• **To do**
Print all entries below exactly as they appear.
(Data under study begins)
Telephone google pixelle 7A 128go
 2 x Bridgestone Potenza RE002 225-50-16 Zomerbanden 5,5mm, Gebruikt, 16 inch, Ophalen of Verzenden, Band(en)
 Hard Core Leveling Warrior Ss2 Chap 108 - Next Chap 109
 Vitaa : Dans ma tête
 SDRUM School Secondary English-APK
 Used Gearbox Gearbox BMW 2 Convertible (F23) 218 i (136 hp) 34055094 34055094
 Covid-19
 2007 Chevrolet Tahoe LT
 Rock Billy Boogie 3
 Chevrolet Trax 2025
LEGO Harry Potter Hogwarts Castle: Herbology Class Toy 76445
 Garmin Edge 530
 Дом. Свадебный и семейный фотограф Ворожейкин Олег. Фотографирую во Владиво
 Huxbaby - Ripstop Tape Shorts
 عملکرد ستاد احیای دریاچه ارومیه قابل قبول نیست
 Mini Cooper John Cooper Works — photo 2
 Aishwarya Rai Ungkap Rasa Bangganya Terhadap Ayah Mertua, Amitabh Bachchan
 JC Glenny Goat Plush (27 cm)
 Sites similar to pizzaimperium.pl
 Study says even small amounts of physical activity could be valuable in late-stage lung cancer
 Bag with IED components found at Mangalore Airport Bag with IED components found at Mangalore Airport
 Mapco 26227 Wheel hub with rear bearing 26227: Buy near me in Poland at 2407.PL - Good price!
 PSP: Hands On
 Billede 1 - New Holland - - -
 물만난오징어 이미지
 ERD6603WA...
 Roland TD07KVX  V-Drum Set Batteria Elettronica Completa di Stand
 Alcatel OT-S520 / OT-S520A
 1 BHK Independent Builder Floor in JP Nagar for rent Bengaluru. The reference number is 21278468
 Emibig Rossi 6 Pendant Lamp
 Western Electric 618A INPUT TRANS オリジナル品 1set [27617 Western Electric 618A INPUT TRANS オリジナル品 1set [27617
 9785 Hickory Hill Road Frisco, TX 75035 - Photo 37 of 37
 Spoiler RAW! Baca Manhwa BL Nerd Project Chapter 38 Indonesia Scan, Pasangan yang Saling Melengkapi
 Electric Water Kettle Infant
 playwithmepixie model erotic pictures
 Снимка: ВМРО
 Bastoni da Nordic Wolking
(Data under study ends)
• **Result below**
Telephone google pixelle 7A 128go
 2 x Bridgestone Potenza RE002 225-50-16 Zomerbanden 5,5mm, Gebruikt, 16 inch, Ophalen of Verzenden, Band(en)
 Hard Core Leveling Warrior Ss2 Chap 108 - Next Chap 109
 Vitaa : Dans ma tête
 SDRUM School Secondary English-APK
 Used Gearbox Gearbox BMW 2 Convertible (F23) 218 i (136 hp) 34055094 34055094
 Covid-19
 2007 Chevrolet Tahoe LT
 Rock Billy Boogie 3
 Chevrolet Trax 2025
LEGO Harry Potter Hogwarts Castle: Herbology Class Toy 76445
 Garmin Edge 530
 Дом. Свадебный и семейный фотограф Ворожейкин Олег. Фотографирую во Владиво
 Huxbaby - Ripstop Tape Shorts
 عملکرد ستاد احیای دریاچه ارومیه قابل قبول نیست
 Mini Cooper John Cooper Works — photo 2
 Aishwarya Rai Ungkap Rasa Bangganya Terhadap Ayah Mertua, Amitabh Bachchan
 JC Glenny Goat Plush (27 cm)
 Sites similar to pizzaimperium.pl
 Study says even small amounts of physical activity could be valuable in late-stage lung cancer
 Bag with IED components found at Mangalore Airport Bag with IED components found at Mangalore Airport
 Mapco 26227 Wheel hub with rear bearing 26227: Buy near me in Poland at 2407.PL - Good price!
 PSP: Hands On
 Billede 1 - New Holland - - -
 물만난오징어 이미지
 ERD6603WA...
 Roland TD07KVX  V-Drum Set Batteria Elettronica Completa di Stand
 Alcatel OT-S520 / OT-S520A
 1 BHK Independent Builder Floor in JP Nagar for rent Bengaluru. The reference number is 21278468
 Emibig Rossi 6 Pendant Lamp
 Western Electric 618A INPUT TRANS オリジナル品 1set [27617 Western Electric 618A INPUT TRANS オリジナル品 1set [27617
 9785 Hickory Hill Road Frisco, TX 75035 - Photo 37 of 37
 Spoiler RAW! Baca Manhwa BL Nerd Project Chapter 38 Indonesia Scan, Pasangan yang Saling Melengkapi
 Electric Water Kettle Infant
 playwithmepixie model erotic pictures
 Снимка: ВМРО
 Bastoni da Nordic Wolking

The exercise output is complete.